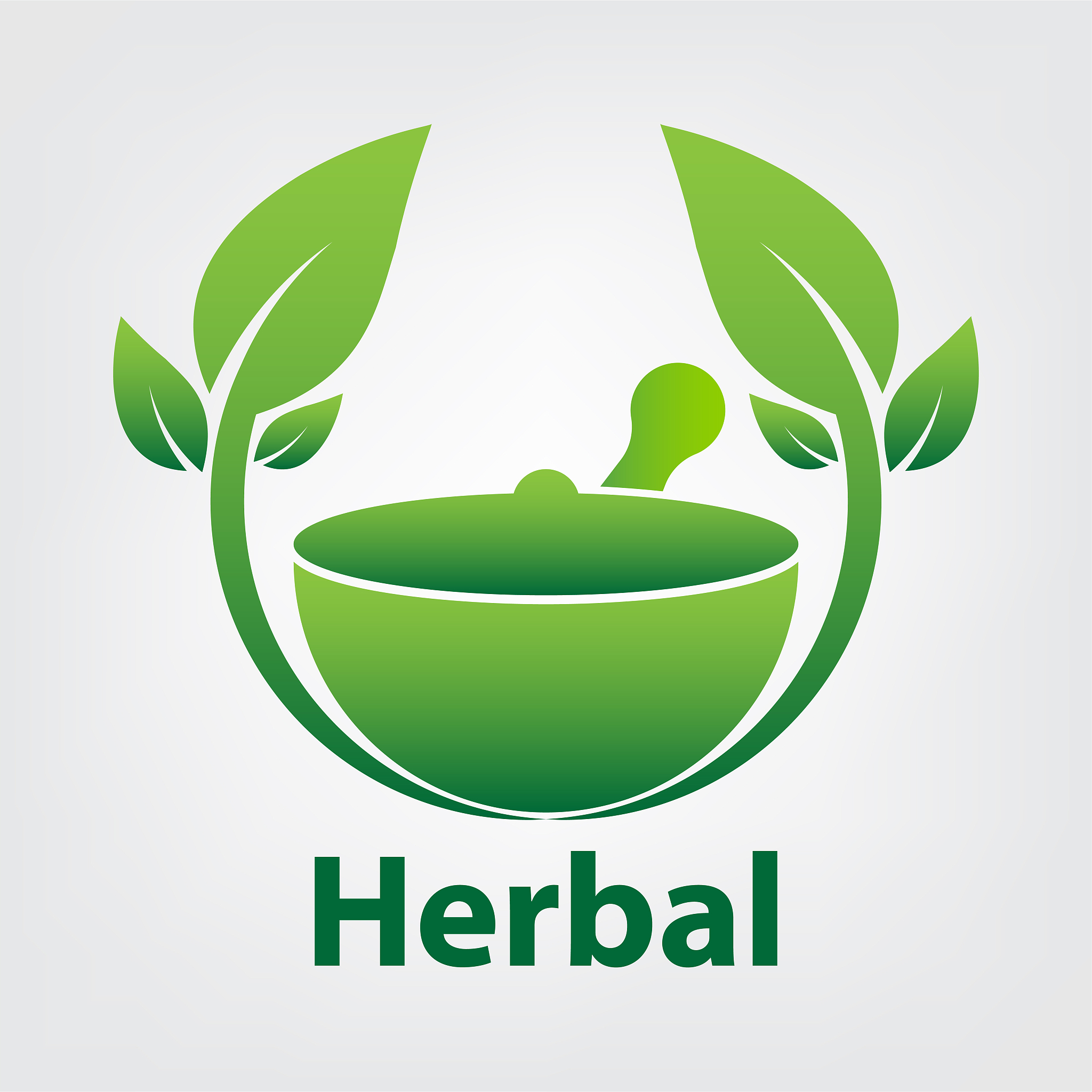 green herbal logo template,herbal 100 on white background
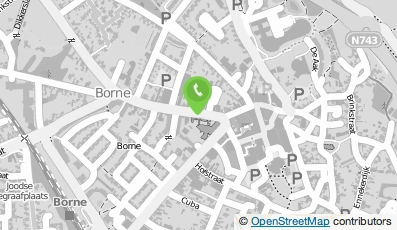 Bekijk kaart van Grotestraat in Borne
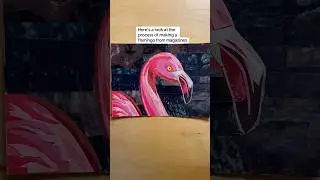 Here&rsquo;s a look at my process for making a Flamingo collage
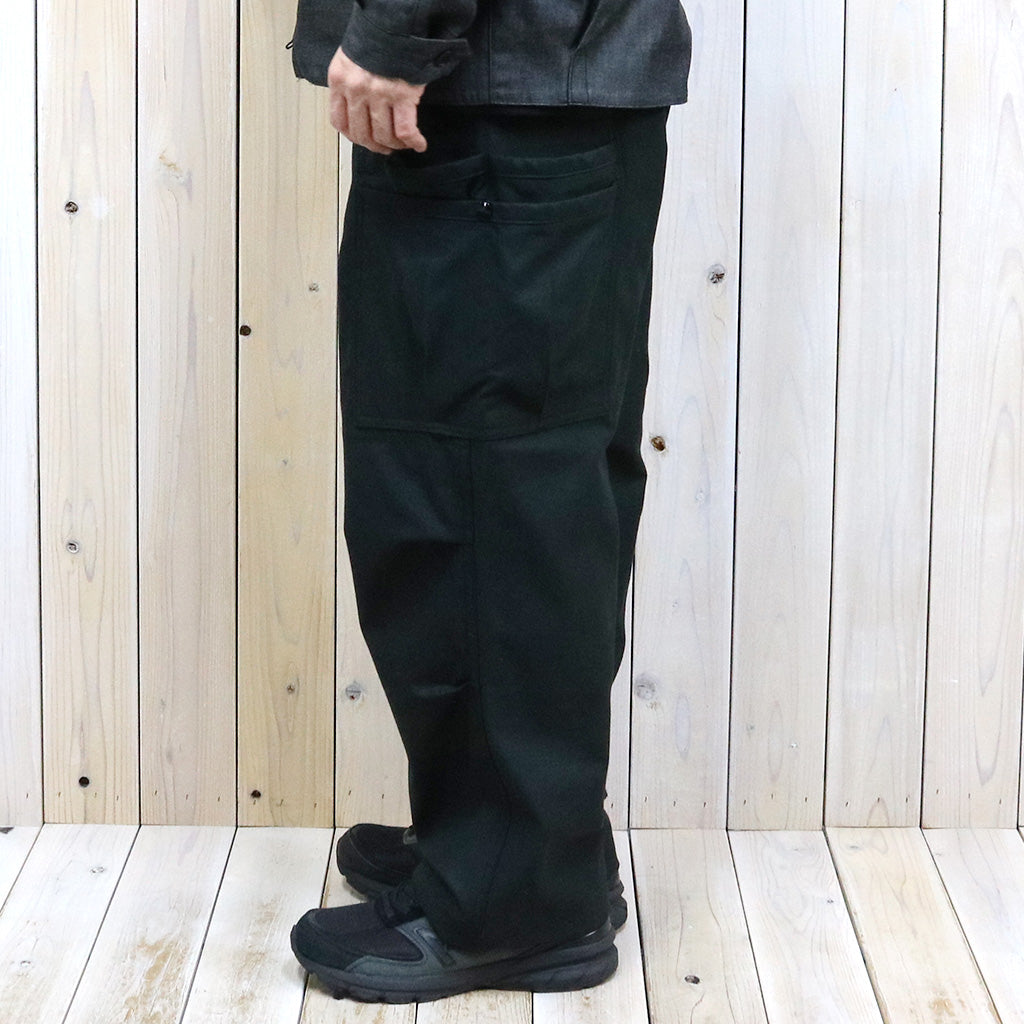 SASSAFRAS『OVERGROWN PANTS(BACK SATIN)』(BLACK)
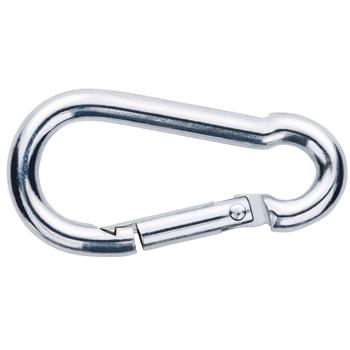 Preview: Karabinerhaken 12er-Set - Vielseitig für Camping, Garten & Haushalt - 5x2,5 cm, 50 kg Traglast, robust, kompakt & leicht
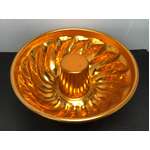 VINTAGE Anodised Aluminium Jelly Mould or Cake Tin | Orange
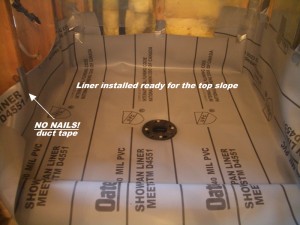 Image of prepared liner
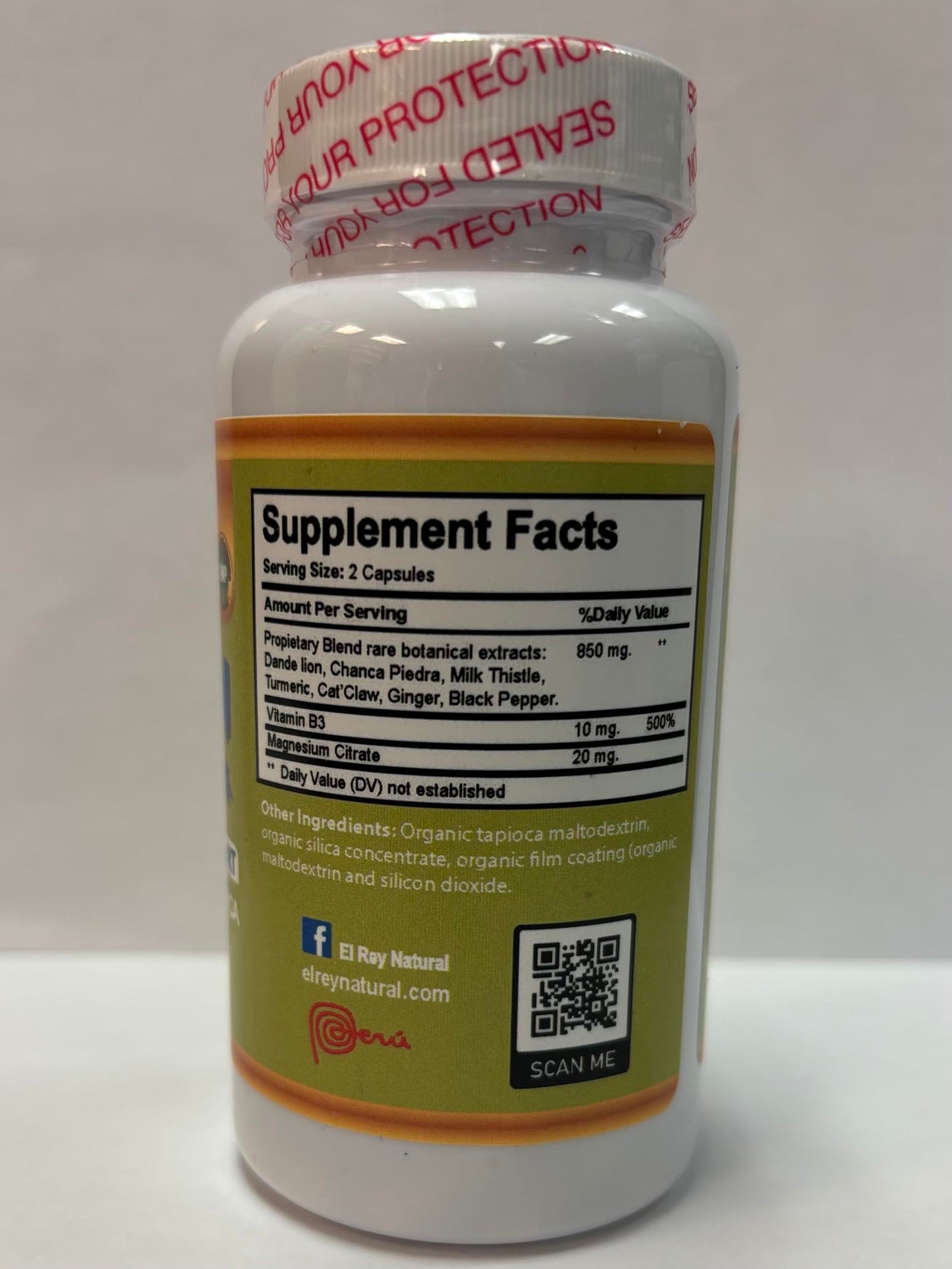 Productos Naturales El Rey Riñoson El Rey (1000 mg of Herbal Blend for Kidney) Capsule 1 Count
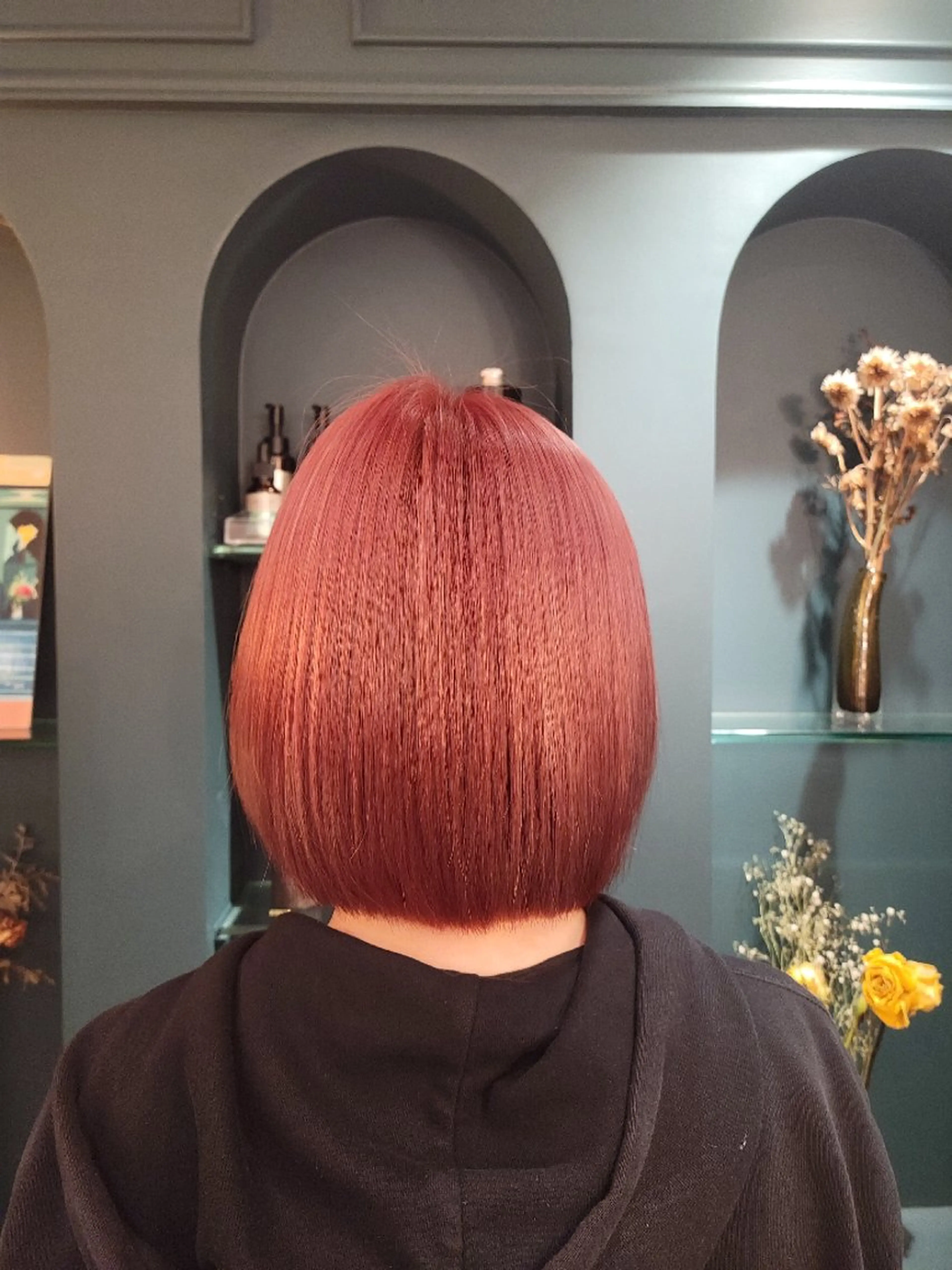 ショート カラー ピンクカラー 【メンズカット/パー マ✂️】momo🌷のヘアスタイル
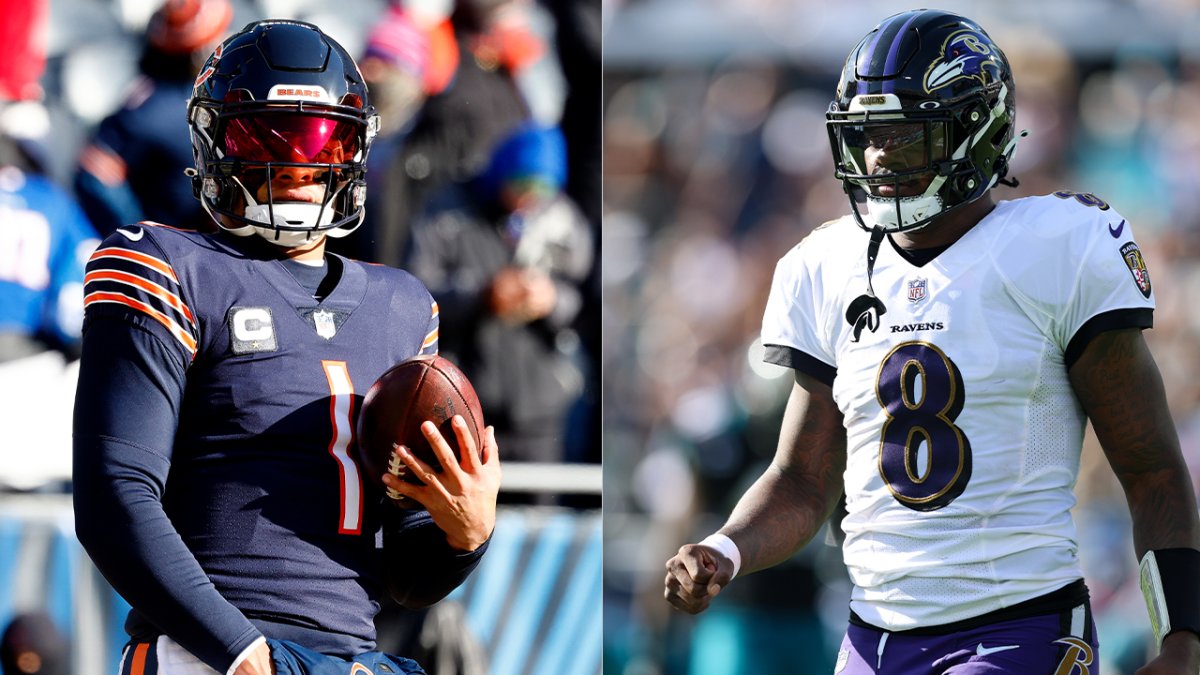 Nick Wright Pitches Bears Trading Justin Fields For Ravens Lamar Jackson Nbc Chicago 0974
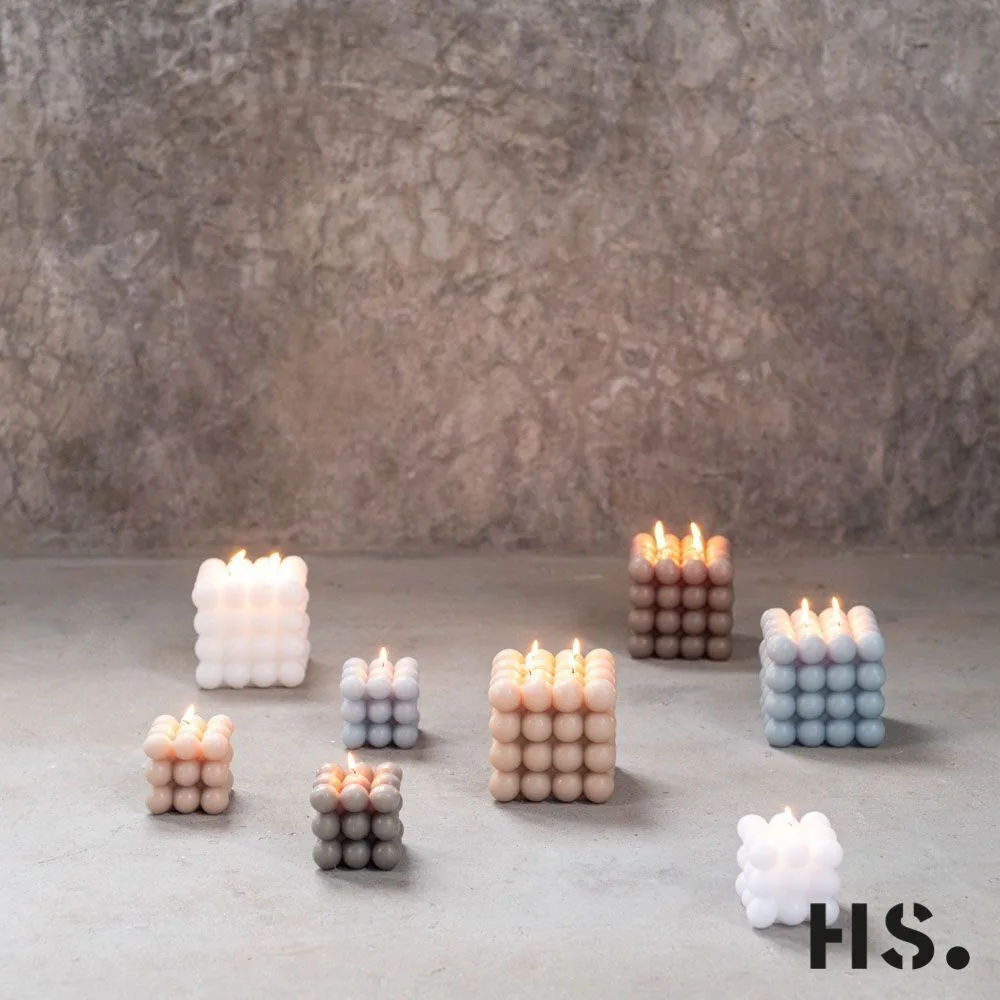 8ou2MQsI Candle Bubble S weiß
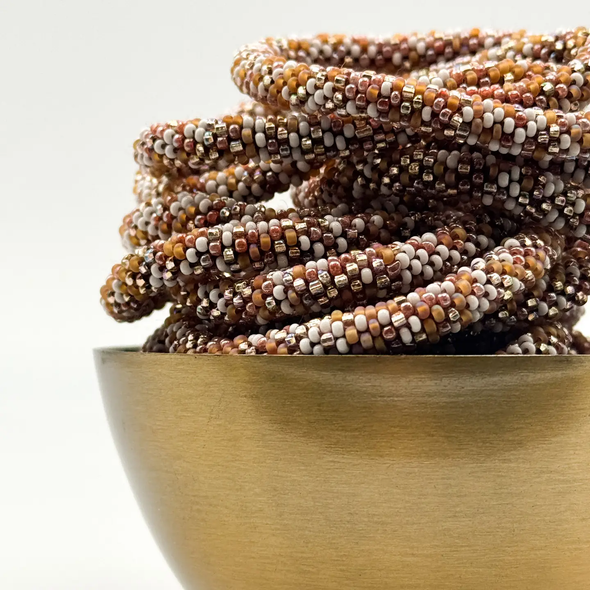 Bracelet népalais Taupe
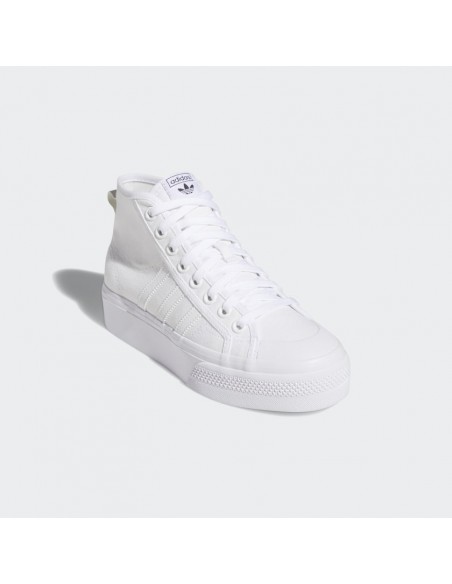 Adidas Originals Nizza Platform MID W - WHITE (FW2782)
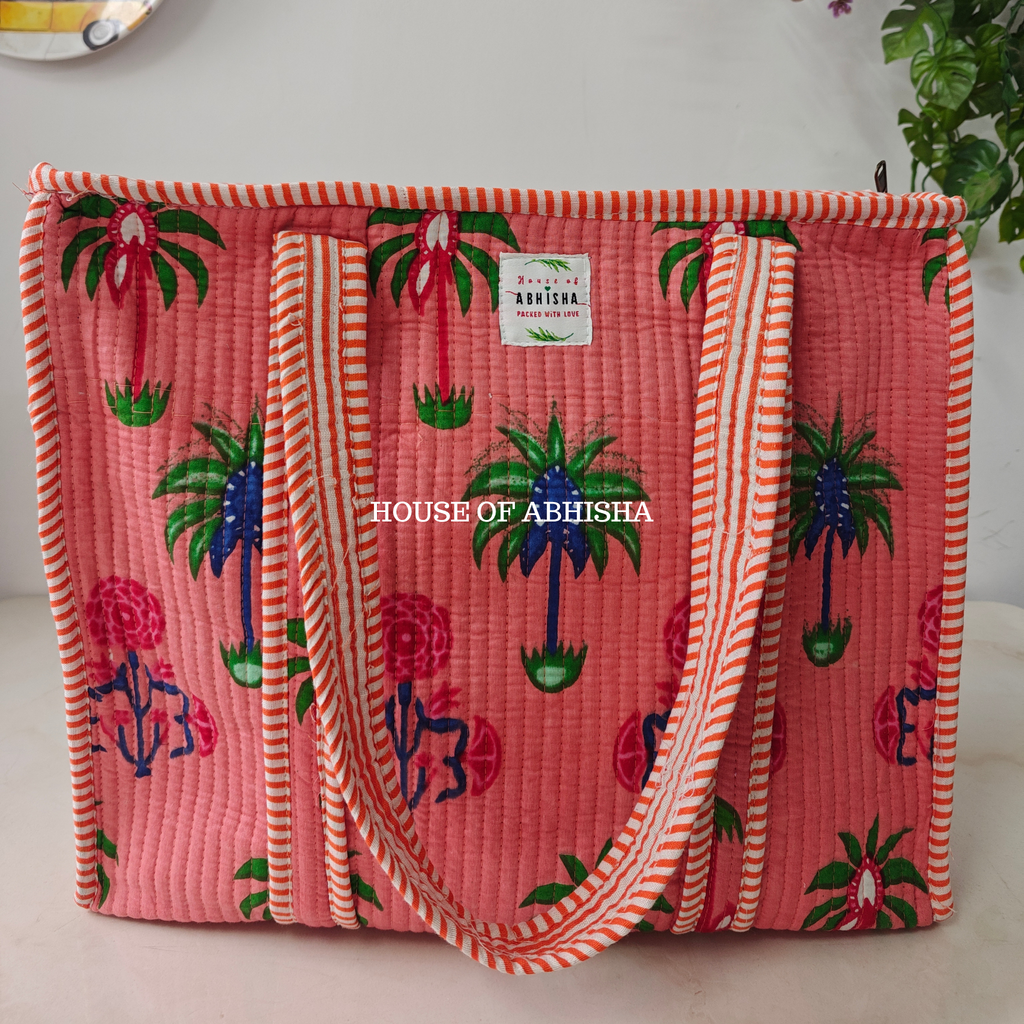 Bling Quilted Cotton Tote Bag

----

Aim of the task -> Every record above must be repeated exactly, with the pictures dropped.

Problem solution ->
 green herbal logo template,herbal 100 on white background
 Bekijk kaart van Grotestraat in Borne
 Here&rsquo;s a look at my process for making a Flamingo collage
 SASSAFRAS『OVERGROWN PANTS(BACK SATIN)』(BLACK)
 Preview: Karabinerhaken 12er-Set - Vielseitig für Camping, Garten & Haushalt - 5x2,5 cm, 50 kg Traglast, robust, kompakt & leicht
 VINTAGE Anodised Aluminium Jelly Mould or Cake Tin | Orange
 Image of prepared liner
 Productos Naturales El Rey Riñoson El Rey (1000 mg of Herbal Blend for Kidney) Capsule 1 Count
 ショート カラー ピンクカラー 【メンズカット/パー マ✂️】momo🌷のヘアスタイル
 Nick Wright Pitches Bears Trading Justin Fields For Ravens Lamar Jackson Nbc Chicago 0974
 8ou2MQsI Candle Bubble S weiß
 Bracelet népalais Taupe
 Adidas Originals Nizza Platform MID W - WHITE (FW2782)
 Bling Quilted Cotton Tote Bag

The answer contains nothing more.